> **YOUR TASK**
The material below holds pictures, which are to be left out; copy exactly the lines from the one with "Funny Shark Lover" through the one with "Suit Punjabi Dhol".

> **DATA**
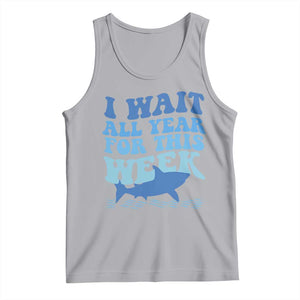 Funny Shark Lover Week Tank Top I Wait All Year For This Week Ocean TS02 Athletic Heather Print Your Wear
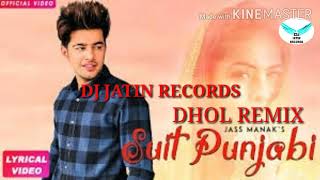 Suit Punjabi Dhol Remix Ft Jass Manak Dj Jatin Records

---

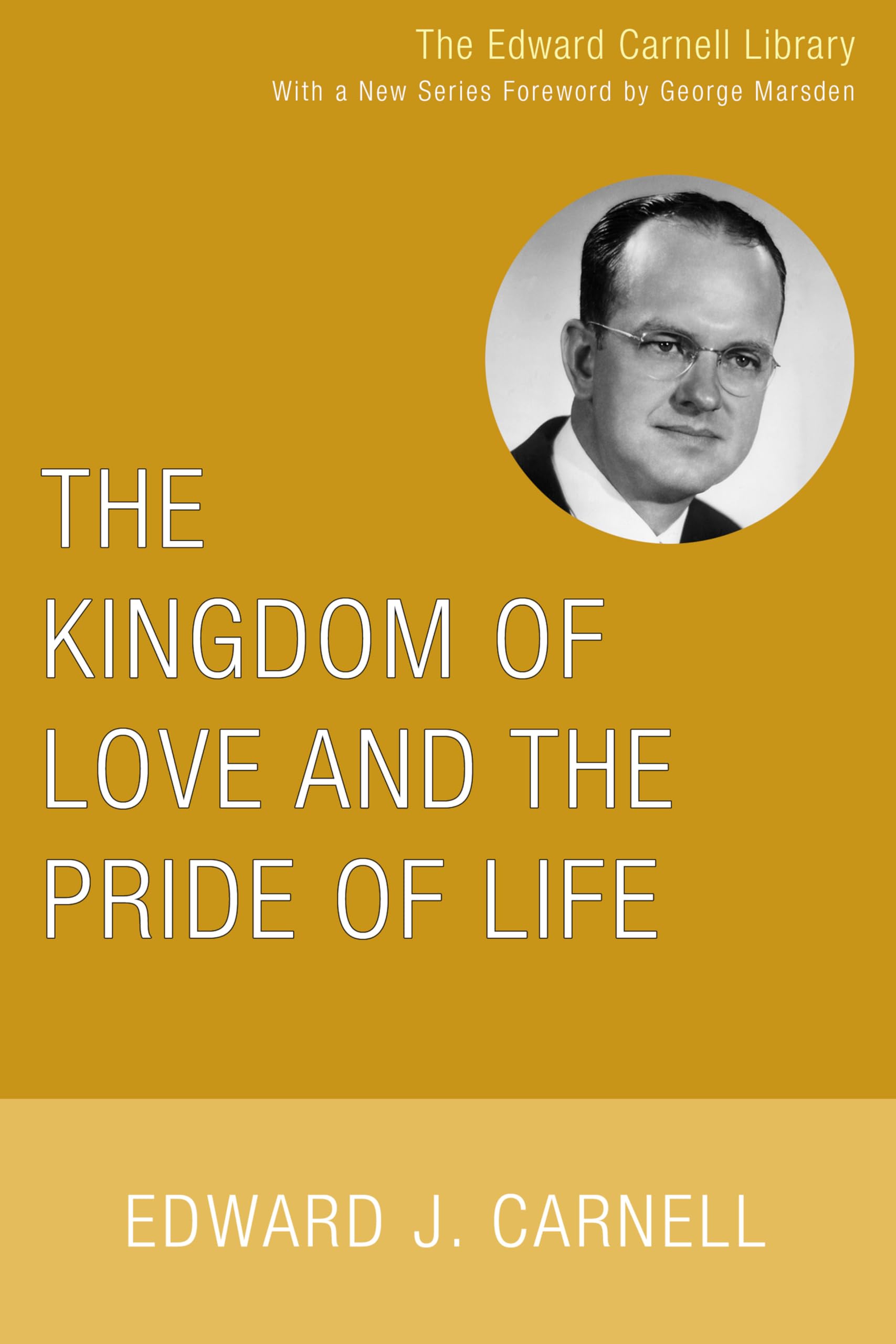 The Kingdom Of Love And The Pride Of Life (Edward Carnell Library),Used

...

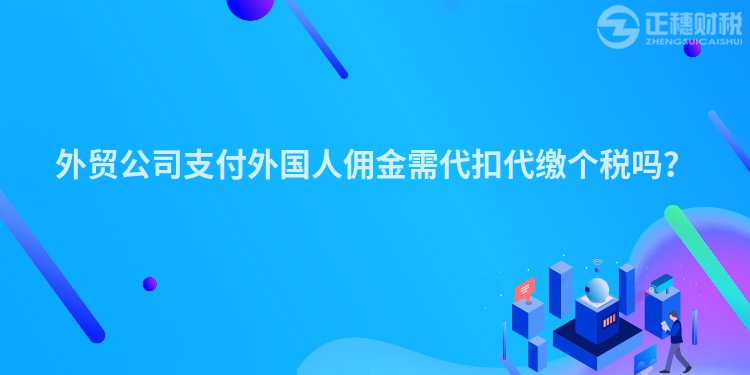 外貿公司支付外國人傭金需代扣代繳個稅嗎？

> **EXERCISE OUTPUT**
 Funny Shark Lover Week Tank Top I Wait All Year For This Week Ocean TS02 Athletic Heather Print Your Wear
 Suit Punjabi Dhol Remix Ft Jass Manak Dj Jatin Records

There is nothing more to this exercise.